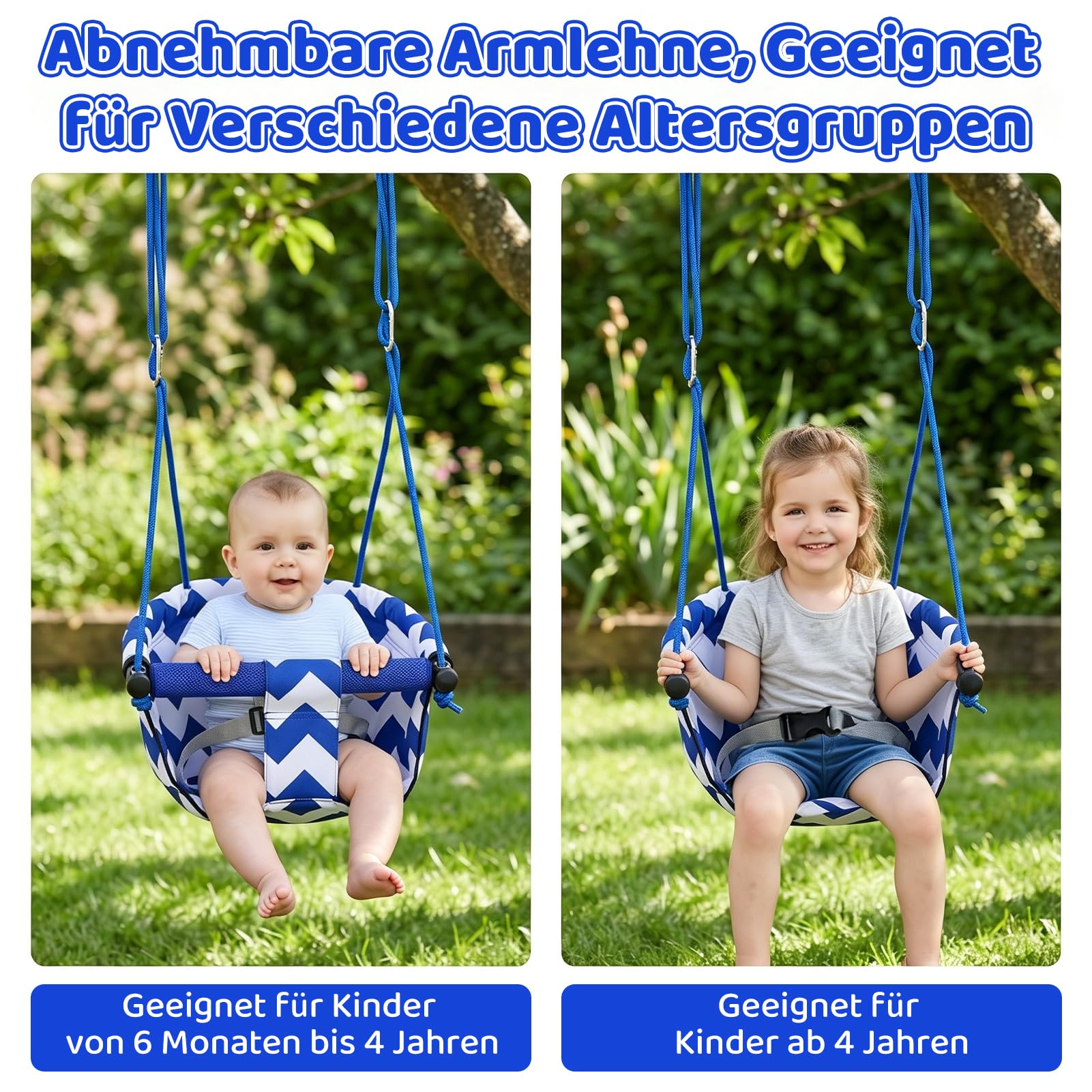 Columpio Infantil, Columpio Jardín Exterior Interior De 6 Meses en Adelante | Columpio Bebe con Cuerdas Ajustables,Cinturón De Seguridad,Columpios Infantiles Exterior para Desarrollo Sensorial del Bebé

==

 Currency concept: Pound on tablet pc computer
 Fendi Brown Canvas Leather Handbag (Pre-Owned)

--

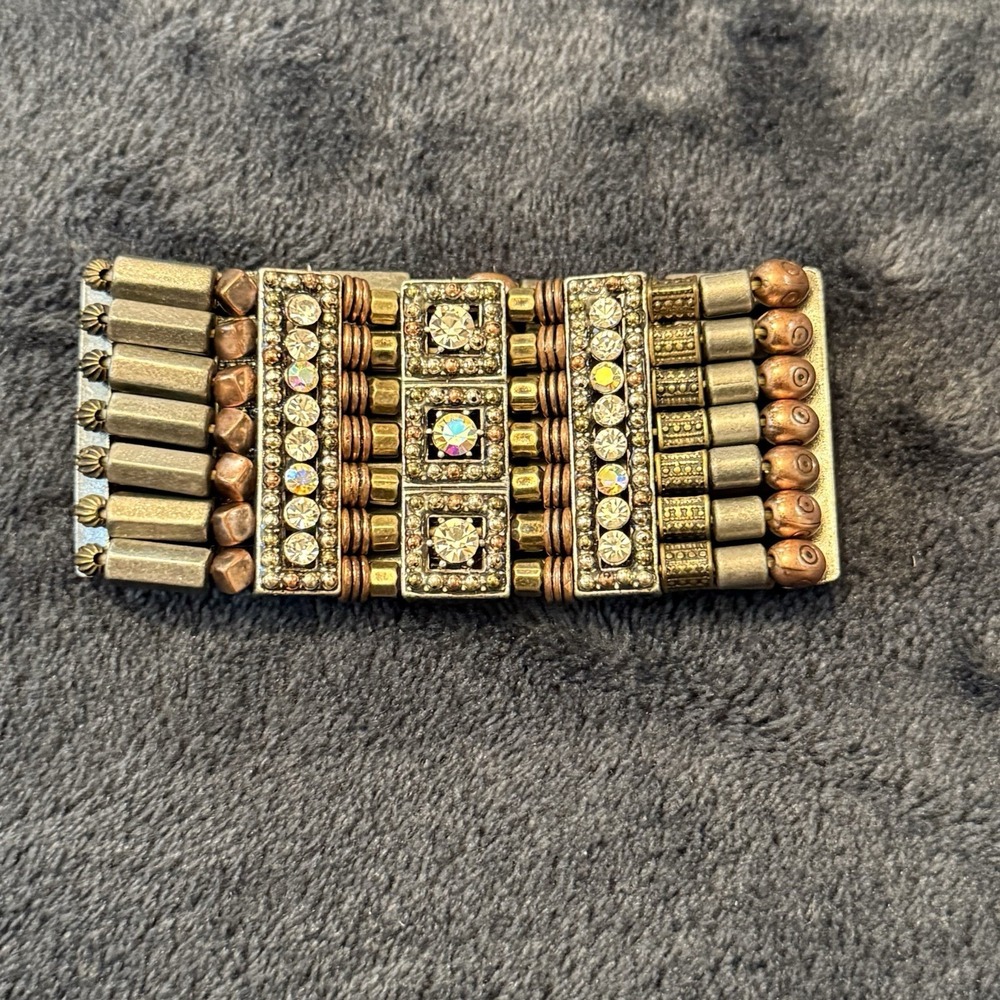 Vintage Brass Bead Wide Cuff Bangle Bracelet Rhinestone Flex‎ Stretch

## DIRECTIONS
From the records above, print only the lines between the one holding "Currency concept: Pound" and the one holding "Fendi Brown Canvas", inclusive, exactly as they stand.

## TASK RESULT
 Currency concept: Pound on tablet pc computer
 Fendi Brown Canvas Leather Handbag (Pre-Owned)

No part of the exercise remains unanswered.